Metadata-Version: 2.1
Name: spender
Version: 0.1
Summary: Spectrum encoder and decoder
Home-page: https://github.com/pmelchior/spectrum-encoder
Author: Peter Melchior
Author-email: peter.m.melchior@gmail.com
License: MIT
Keywords: spectroscopy,autoencoder
Platform: UNKNOWN
Classifier: Development Status :: 4 - Beta
Classifier: License :: OSI Approved :: MIT License
Classifier: Intended Audience :: Developers
Classifier: Intended Audience :: Education
Classifier: Intended Audience :: Science/Research
Classifier: Operating System :: OS Independent
Classifier: Programming Language :: Python
Classifier: Topic :: Scientific/Engineering :: Astronomy
Description-Content-Type: text/markdown
License-File: LICENSE

# Spender

_Neural spectrum encoder and decoder_

From a data-driven side, galaxy spectra have two fundamental degrees of freedom: their instrinsic spectral properties (or type, if you believe in such a thing) and their redshift. The latter makes them awkward to ingest because it stretches everything, which means spectral features don't appear at the same places. This is why most analyses of the intrinsic properties are done by transforming the observed spectrum to restframe.
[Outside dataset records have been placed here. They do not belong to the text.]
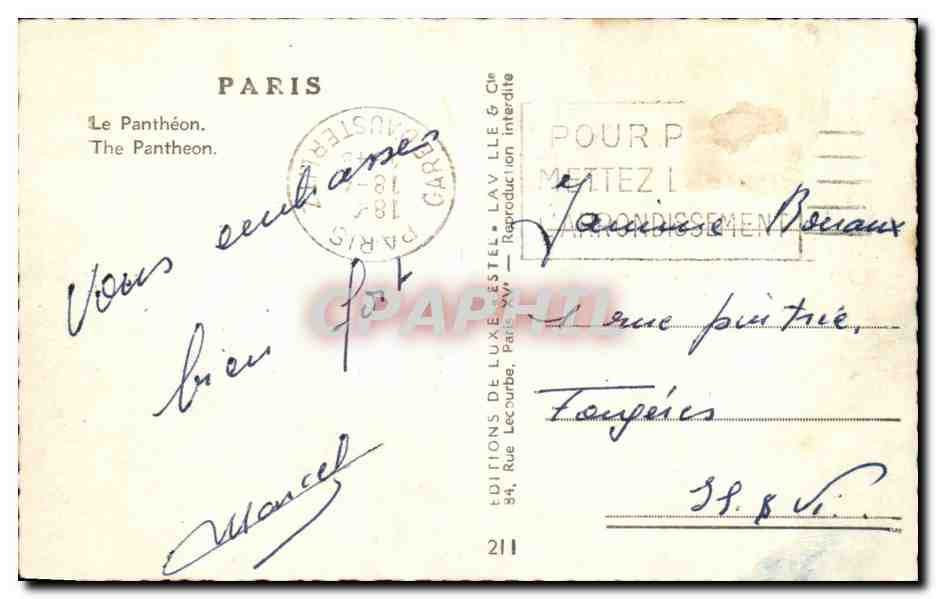 Paris - 5 - Le Pantheon - CPA  — Verso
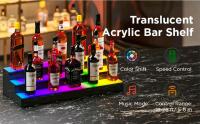 3-Tier 30-Inch Translucent Acrylic LED Bar Shelf with Multi-Color Lighting and Remote/App Control - 3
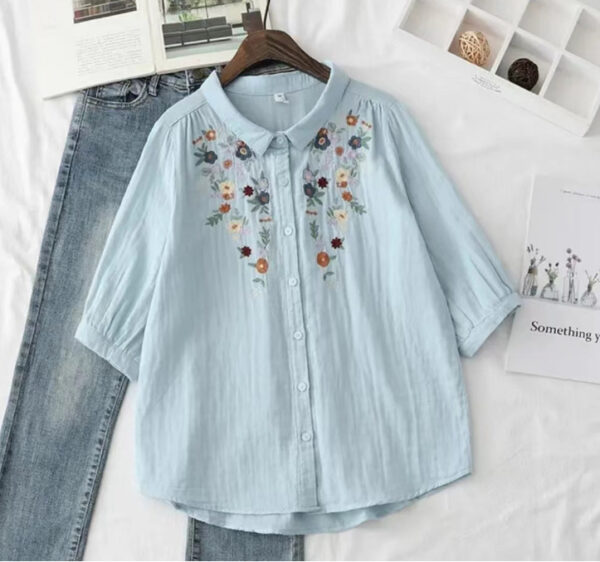 Women's Flower Embroidered Cotton Yarn Shirt Summer - Image 2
We decided to do the opposite. We build a custom architecture, which describes the restframe spectrum by an autoencoder and transforms the restframe model to the observed redshift. While we're at it we also match the spectral resolution and line spread function of the instrument:
![sketch](https://user-images.githubusercontent.com/1463403/202013968-9ede3da2-2469-4e0b-90bb-c717e290474a.png)

Doing so clearly separates the responsibilities in the architecture. Spender establishes a restframe that has higher resolution and larger wavelength range than the spectra from which it is trained. The model can be trained from spectra at different redshifts or even from different instruments without the need to standardize the observations. Spender also has an explicit, differentiable redshift dependence, which can be coupled with a redshift estimator for a fully data-driven spectrum analysis pipeline.

## Installation

The easiest way is `pip install spender`. When installing from the code repo, run `pip install -e .`.